I am currently making the leap from a Tassimo pod machine to a manual espresso machine.

After a few weeks of research I've narrowed it down to the Gaggia Classic or the Gaggia Baby.

I was looking for advice on the difference's between the two machines and which machine would be best for me, as I have never used an espresso machine and I am totally new to this whole experience.

My brother has worked in bars and restaurants and has lots of coffee making experience, so hopefully I will have someone to help me hands on with the process

Thanks


----------



## Obsy (May 21, 2012)

I was in exactly the same boat as you. Am now 9 weeks post tassimo and I can't drink coffee from most places now. I have a Classic, I like its look as a starter machine and there's no plasticky bits on the main body unlike the Baby. Internally they're pretty much the same I believe so it's a choice of aesthetics. Can make decent drinks on the Classic I know that! Have never used a Baby though.


----------



## gaggiamanualservice.com (Dec 22, 2009)

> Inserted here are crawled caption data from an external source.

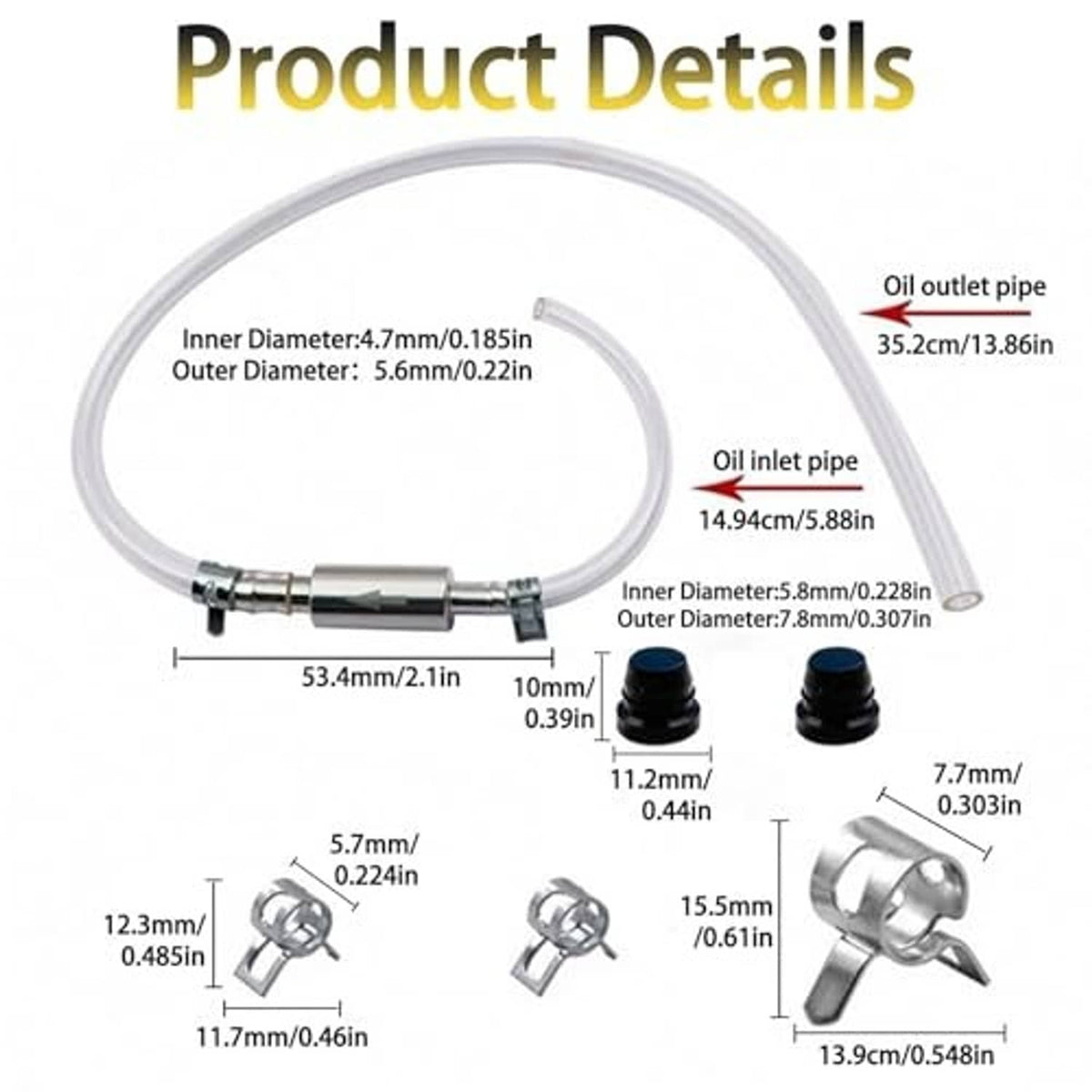 Brake bleeder hose kit diagram showing clear tubing, valve body, and metal adapters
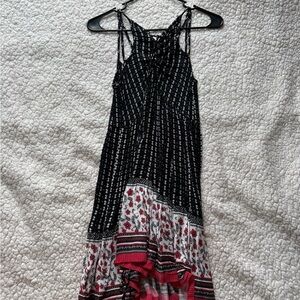 Floral Black and Red Women's Dress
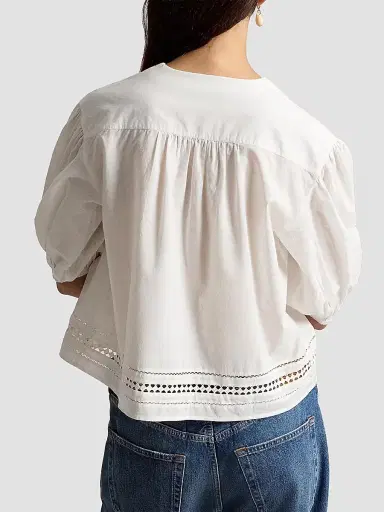 Polo Ralph Lauren Women's Lace-Trim Cotton Shirt - White - Size XS | Thumbnail 3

go for the classic every time. very reliableand trustworthy

mark


----------



## [email protected] (Jul 17, 2012)

Mark - I've been reading loads of posts now about the classic with a lot of people saying that an older model is better. For a first timer like myself would it make much difference for me to get an older or newer model?

Thanks


----------



## mraddersuk (Jul 22, 2012)

I went for a baby due to the price I found it for. It does not look as good as the Classic but has the same insides and warranty. The steamer rotates up and down as well as side to side. The classic wand only moves side to side. But I do not yet know how much of an advantage that is. I picked my Gaggia baby up this morning so have not tried it yet. If you're in no rush I would be happy to give you a short summary of a week's worth of Classic use. I have upgraded from a cheap machine so an expecting great things!

Mike


----------



## gaggiamanualservice.com (Dec 22, 2009)

when cleaning the pannarello be careful not to push on too hard, you can dislodge the steam arm. only internal difference is the solenoid to pre 2010 classics

mark


----------